Advocating for Women’s Stories
Devour, not just read, any and all literature written by women and about women. Fiction or nonfiction, any and all genres.
Support women’s work. Seek out articles that explore women’s roles in history. Find stories that celebrate women’s accomplishments. Demand them from teachers, publishers, TV networks, and magazines.
Champion women’s stories. Whether it is through works of fiction or memoirs, poetry or graphic novels, be the person others can turn to. Help them to learn about new and interesting women in the literary world. Be that person who shares the best stories of women crushing it in their respective fields.

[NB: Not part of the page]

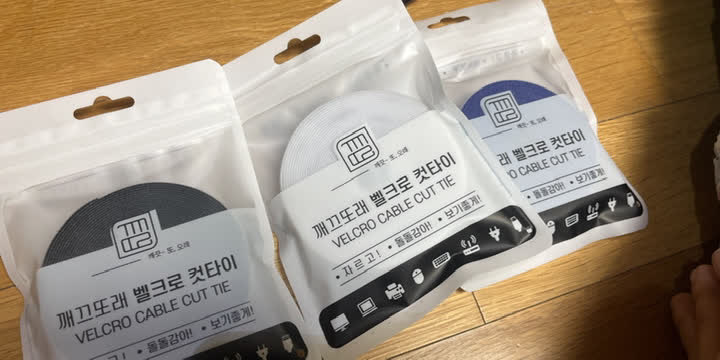 검정, 흰색, 파란색 컷타이가 바코드 붙은 개별 파우치에 포장된 모습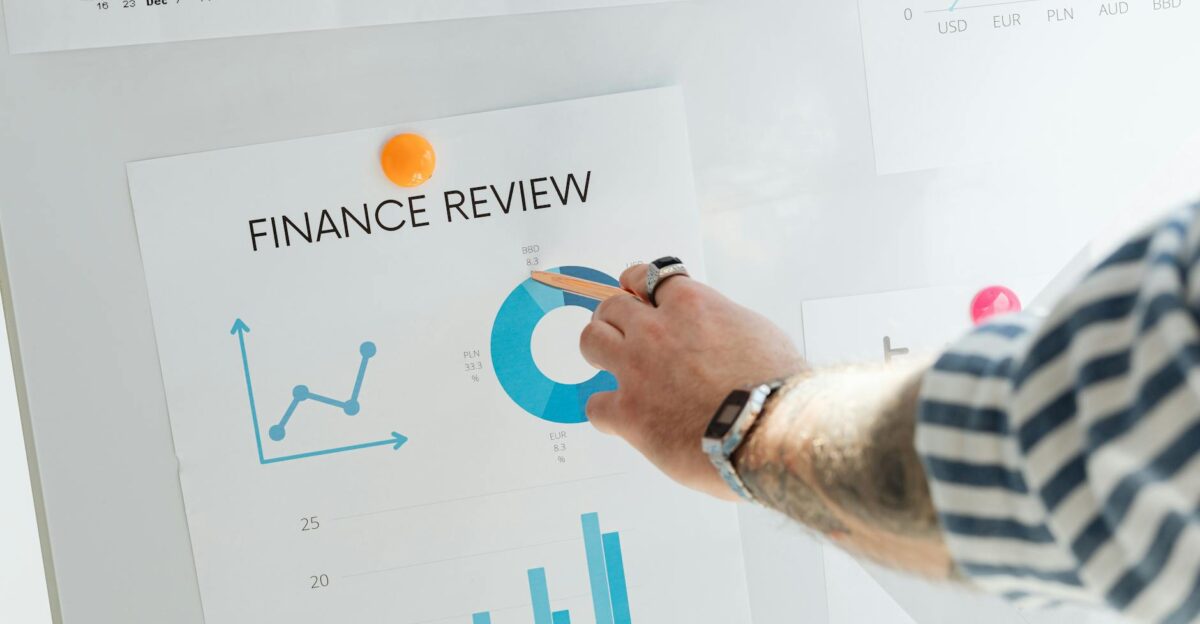 Close-up of a hand pointing to financial charts during a business review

Share what you learn. In this age of social media, we are capable of sharing more than just cat videos. Use the technology we’ve been given to be a beacon of knowledge and to bolster women who are breaking down barriers. But sharing isn’t just about clicking “like” and re-posting on Facebook. It’s about sitting down and listening to live people, especially our elders.
Listen to the women who have come before us. Talk to those who have lived the history we talk about and the history we don’t talk about. Because our history isn’t just about the women who went big. It’s about the women who made the quiet differences in the world around them.

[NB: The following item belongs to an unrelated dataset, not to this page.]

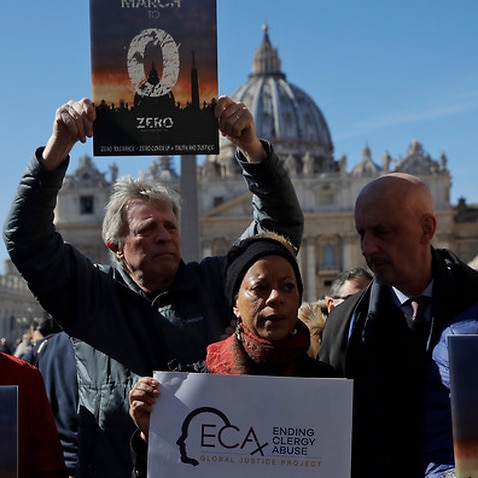 Sex abuse survivors and protestors show banners at the Vatican 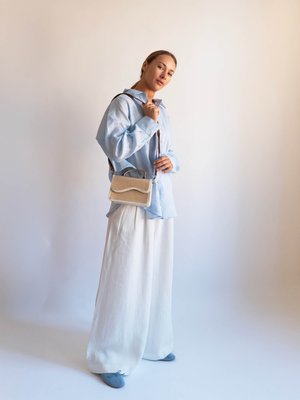 Woman in light blue shirt, white wide-leg pants, blue flats, holding beige crossbody bag with woven texture against plain backdrop.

Teach what you know. Tell younger generations that they can make a difference. Show young women that they can be leaders. By teaching those younger than us about those who have come before them, they’ll understand how far we have come and how far we can go.
Paying it Forward
As Bookwomen, one of our greatest strengths is that we are storytellers and story lovers. We are the ones who carry the stories into the next generation. It is up to us to make sure that we move those stories forward, whether it be through storytelling or by encouraging teachers to include more women in their curriculum with toolkits from the Women’s History Museum.
Together we can move forward in preserving women’s stories so that we can make sure that women like Jessie White Mario aren’t forgotten.
Diana Giovinazzo is the co-creator of Wine, Women and Words, a weekly literary podcast featuring interviews with authors over a glass of wine. She is a board member with the LA chapter of the Women’s National Book Association. Keep an eye on her website for her debut novel, The Woman in Red. You can follow her on Instagram and Twitter: @dianagauthor.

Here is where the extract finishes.